[Image-text web data]
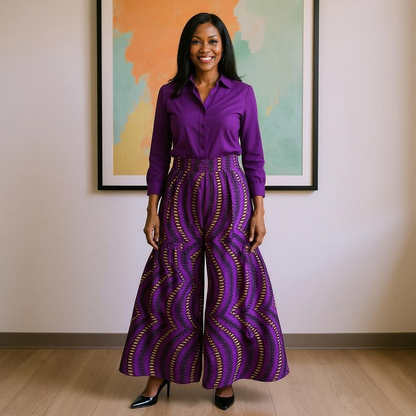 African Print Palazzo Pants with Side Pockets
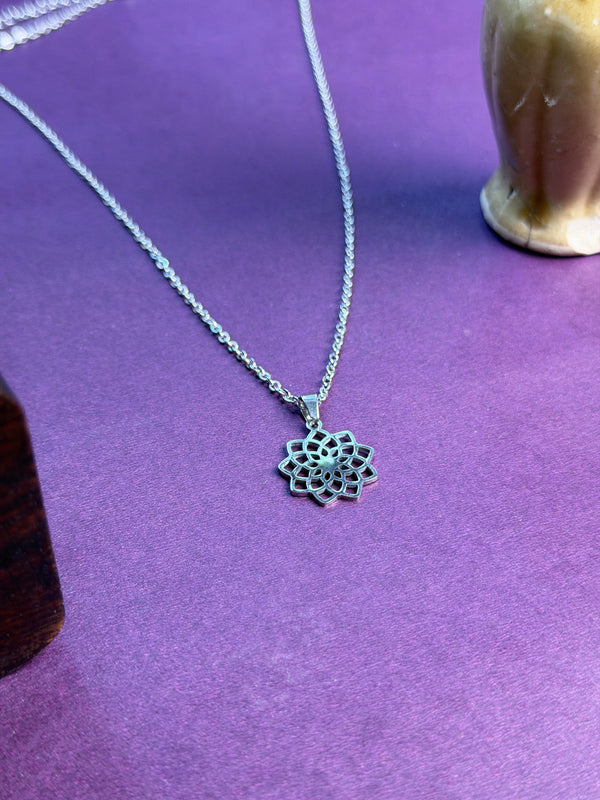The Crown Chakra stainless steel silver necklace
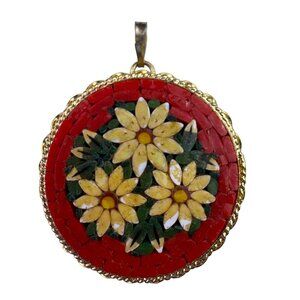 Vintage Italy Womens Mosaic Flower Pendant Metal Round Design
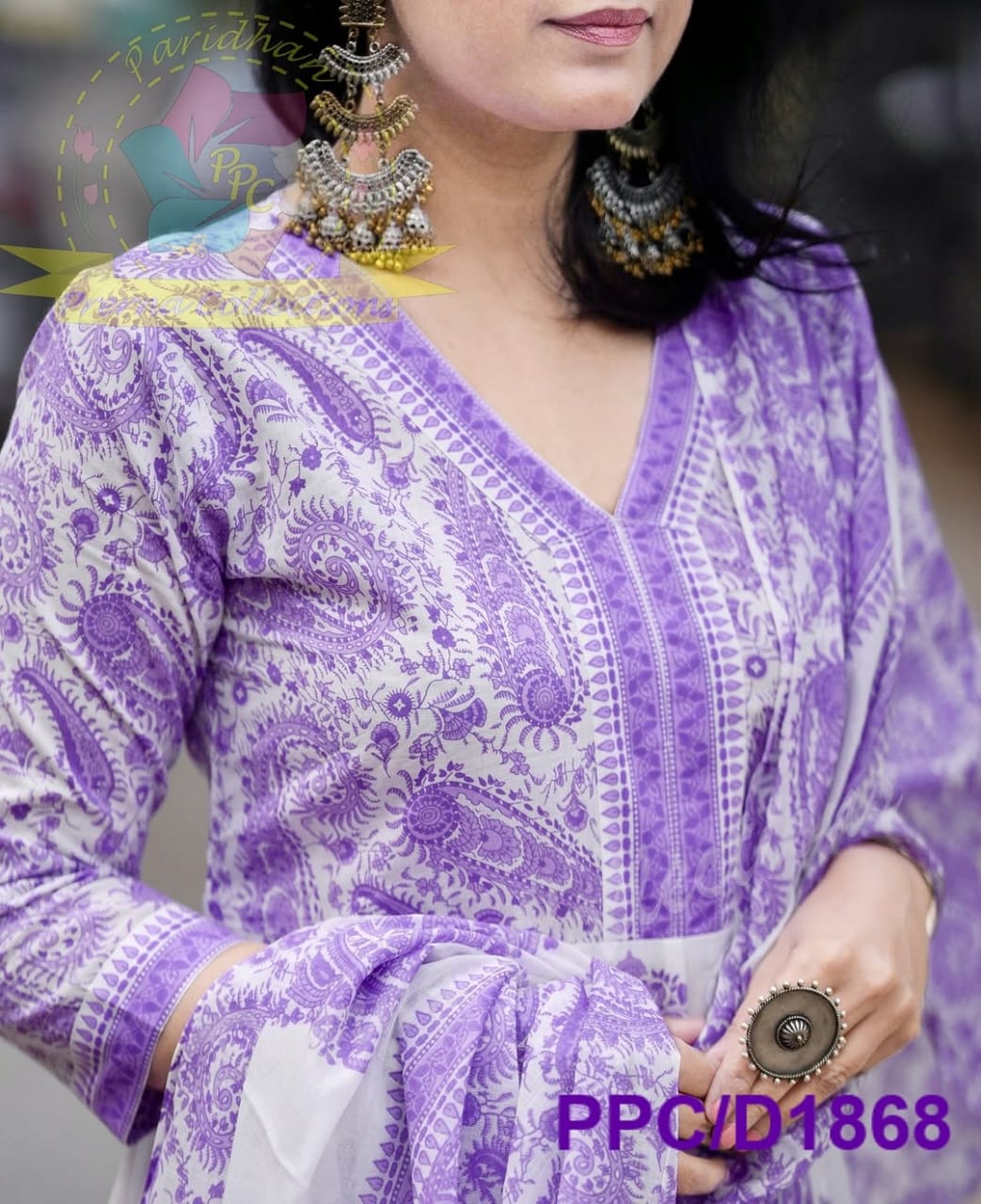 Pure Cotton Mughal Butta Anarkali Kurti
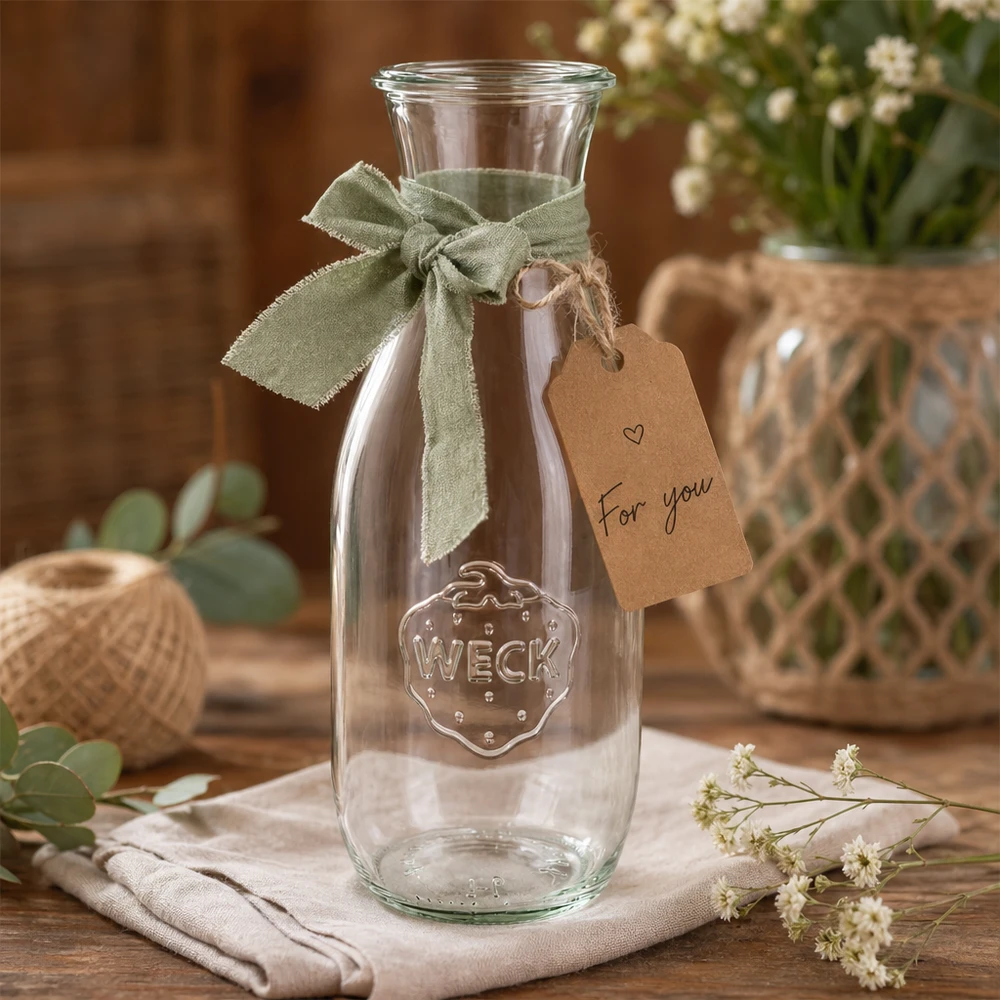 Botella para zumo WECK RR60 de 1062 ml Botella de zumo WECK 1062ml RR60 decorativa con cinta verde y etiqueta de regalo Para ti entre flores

* _What is expected_
Nothing but the lines from the one containing "The Crown Chakra" through the last line of the records above should appear, each repeated exactly, with no pictures.

* _Exercise solution_
The Crown Chakra stainless steel silver necklace
 Vintage Italy Womens Mosaic Flower Pendant Metal Round Design
 Pure Cotton Mughal Butta Anarkali Kurti
 Botella para zumo WECK RR60 de 1062 ml Botella de zumo WECK 1062ml RR60 decorativa con cinta verde y etiqueta de regalo Para ti entre flores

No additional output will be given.